The Magic of Christmas

Columnist Hugh Bassett discusses the magic of Christmas.

Let’s face it: we all want to experience magic. That’s why JK Rowling is currently grimacing on top of an obscenely large pile of real-life galleons, sickles and knuts, or why we fork out twelve quid to watch Martin Freeman play a 3D version of Martin Freeman for three and a bit hours in the vain hope that we’ll walk out of the cinema off our tits on fantasy, shooting imaginary ‘Gandalf beams’ at that couple in front of you who decided they needed to tell each other exactly what was going on during the film that they WERE BOTH WATCHING AT THE SAME TIME ANYWAY.

I nearly missed them saying something cute about how much Hobbits eat!

We crave magic. Our imaginations, our need for escapism or novelty demand that there must be something more, something unseen that perhaps not everyone is able to experience.  It’s a desire that seems innate.

We try to imbue situations with it.  There’s the ‘magic of birthdays’ (because your friends making you down a pint of half-vomit half-dettol is exactly like Maggie Smith bringing a bunch of statues to life) or ‘the magic of Disneyland’ (because a giant plastic castle smelling of half-vomit half-dettol is….you get it). But nothing supposedly compares to ‘the magic of Christmas’.

Little can compare to that feeling of pure excitement that children feel, setting aside an entire month of their lives in manic anticipation of a glucose-fuelled fiesta of coloured paper and vacuum-packed toys that their parents open with a pair of scissors having tried to use their teeth, cut themselves and kicked the cat in frustration.

Where’s Tibbles?

It’s something we appear to lose as we get older, with people morosely stating, usually towards the end of November, that they’ve ‘lost the magic’ in a tone usually reserved for sentences like ‘I’ve lost the baby’ or ‘I’ve lost the remote and that new David Attenborough is on in like three minutes’. The loss of ‘Christmas magic’ is synonymous with the loss of childhood innocence, simplicity and joy. We mourn the days when happiness was a couple of Quality Streets and a Pokémon sticker book.

And so we blame. We say it’s commercialization  It’s the way we’re programmed into buying mounds of superfluous items we’ll never use again. It’s how the ‘true meaning’ is obscured by celebrity cookbooks and 15-packs of sage and onion stuffing balls for a pound from Iceland.

Jesus is probably behind it somewhere.

So we try and find the true meaning, we strip it back and talk about the greatest story ever told, and we say we’re bored. We don’t believe it anymore. It’s not relevant to our lives. We look at the men in their robes by the altar and cry ‘That’s not magic! You can’t see it. There’s no special effects. How does following ancient scripture make us feel good inside?’

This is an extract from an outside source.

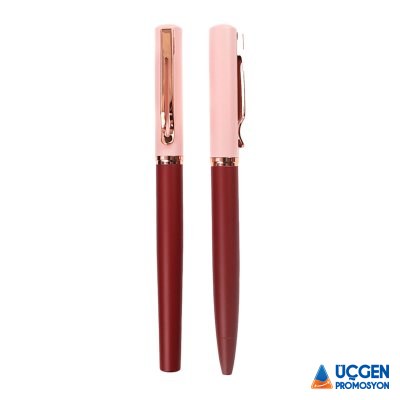 452204 ATAKUM KIRMIZI İKİLİ KALEM SETİ - 2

Yet perhaps ‘the magic’ is visible, just not in the way we think. There’s no spells, no Gandalf, no-one being born for us, but simply a time of the year when you get together with the people you love, even if you do end up screaming ‘NO! We are going to try and play Monopoly despite the fact that the only ones of us who aren’t already crying are so pissed they’re wearing their shoes on their hands and pretending to be ‘upside down people’’.  We do it every year, knowing full well that the same thing is probably going to happen over and over again, and we do it out of love. We don’t need magic; something not-from-this-world. We’ve got it right here already.